View Full Version : Is tracking always this crappy, or do I just suck?
Charles House May 6th, 2012, 10:58 PM I'm brand new to motion tracking with AE. I followed the tutorials, set up the two motions of motion. I'm mostly just adding text in, tracked with the background image. However, two things make my clips slightly different:
They're on a jib, so things tend to exit the screen, and the motion isn't perfect
They depth of field is incredibly shallow, so tracking references aren't great because they go out of focus as the camera moves.
I've tried tracking to multiple objects and then realigning the different series of tracking points. It seems like every time, I get some screwup. The text goes sideways, a random point jumps around and I don't know how to change it after setting it up to the text (removing it, changing the values, nothing seems to change the screwup). Is tracking always this crappy?

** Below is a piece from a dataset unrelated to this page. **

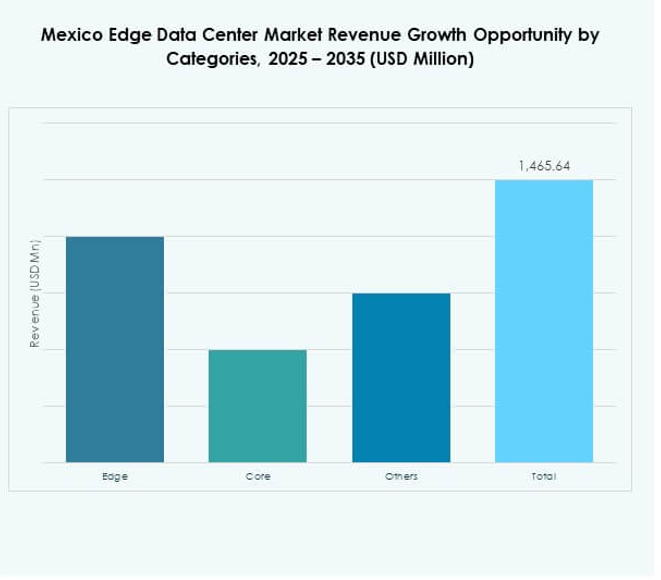Mexico Edge Data Center Market Share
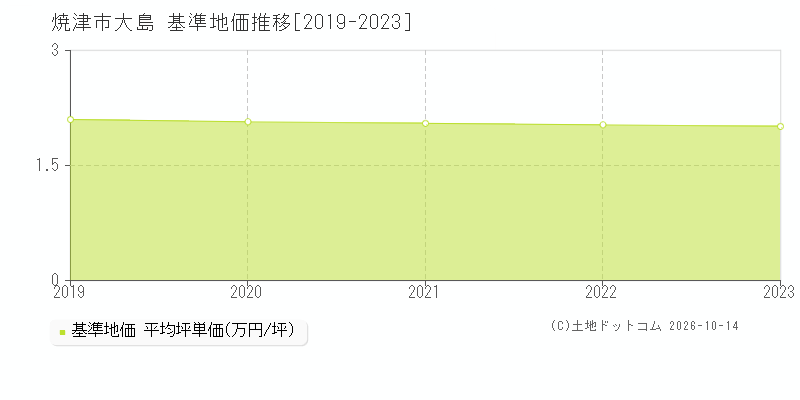 焼津市大島の基準地価推移グラフ(坪単価)[2019-2023年]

Bart Walczak May 7th, 2012, 02:55 AM With shallow depth of field there's only so much you can do. Tracking relies on contrast and pattern recognition. Blurred image makes it pretty difficult. You can experiment by enlarging tracking area or pattern area or both. If all else fails, you're down to correcting tracking points manually. Which unfortunately sometimes needs to be done.
Pete Bauer May 7th, 2012, 06:40 AM This'll be an interesting thing to look at in CS6. There's a new engine that will generate a "cloud" of tracking points to calculate 3D surfaces. I haven't had a chance to dig deeply enough yet into CS6 to see if they added the same technology to 2D motion tracking but if so, it would go a long way toward solving difficult tracking problems like this.
Charles House May 7th, 2012, 08:55 AM I'm not sure how to fix tracking points manually AFTER setting the information to the null and then parenting the null to the text. I've tried changing the values numerically but it doesn't do anything, and by looking at the tracking points on the image, they don't look particularly off.
The biggest issue is that I'm trying to have an object come on screen halfway into the shot and the exit screen, tracked with another object (for example, say I had a pan across a keyboard, the letter D was on screen for maybe half the shot, and I wanted to put a word next to the letter D, so it starts off screen, comes in with the letter, and exits screen with the letter). This seems easy enough, but it always idles on screen before the tracking point appears for some reason. I tried tracking to a few different points that come on and off screen at different times, and then lining them up, and that helps, but the text still appears on screen before it should and I can't figure out why.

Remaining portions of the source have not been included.